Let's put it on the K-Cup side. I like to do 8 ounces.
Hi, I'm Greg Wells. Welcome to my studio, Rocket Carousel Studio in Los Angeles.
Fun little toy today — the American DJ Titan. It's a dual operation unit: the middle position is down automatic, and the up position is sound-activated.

--

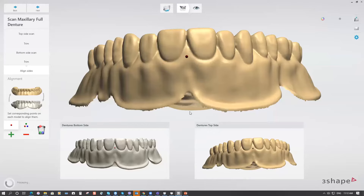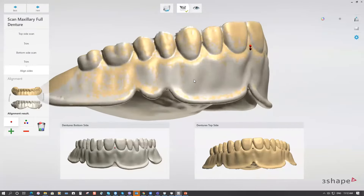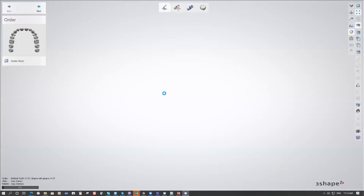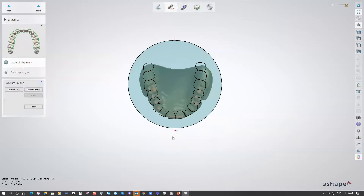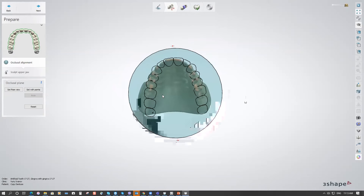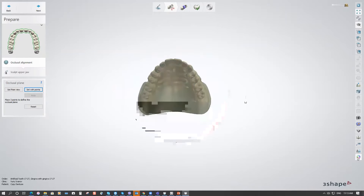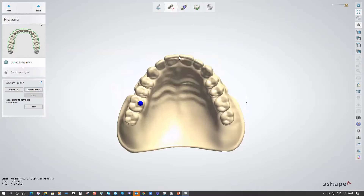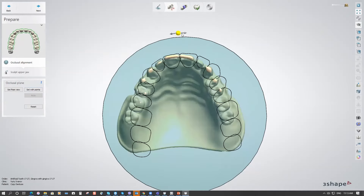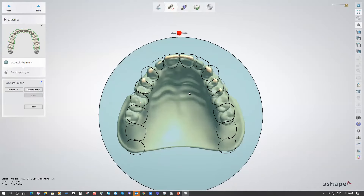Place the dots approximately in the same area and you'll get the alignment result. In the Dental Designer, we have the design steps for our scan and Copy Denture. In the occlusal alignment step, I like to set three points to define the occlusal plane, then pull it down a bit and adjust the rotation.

### WHAT YOU HAVE TO DO
Set down, exactly as they stand above, the lines starting with the line with "Let's put it" and going on through the line with "Fun little toy", and no others.

### SOLUTION TO THE EXERCISE
Let's put it on the K-Cup side. I like to do 8 ounces.
Hi, I'm Greg Wells. Welcome to my studio, Rocket Carousel Studio in Los Angeles.
Fun little toy today — the American DJ Titan. It's a dual operation unit: the middle position is down automatic, and the up position is sound-activated.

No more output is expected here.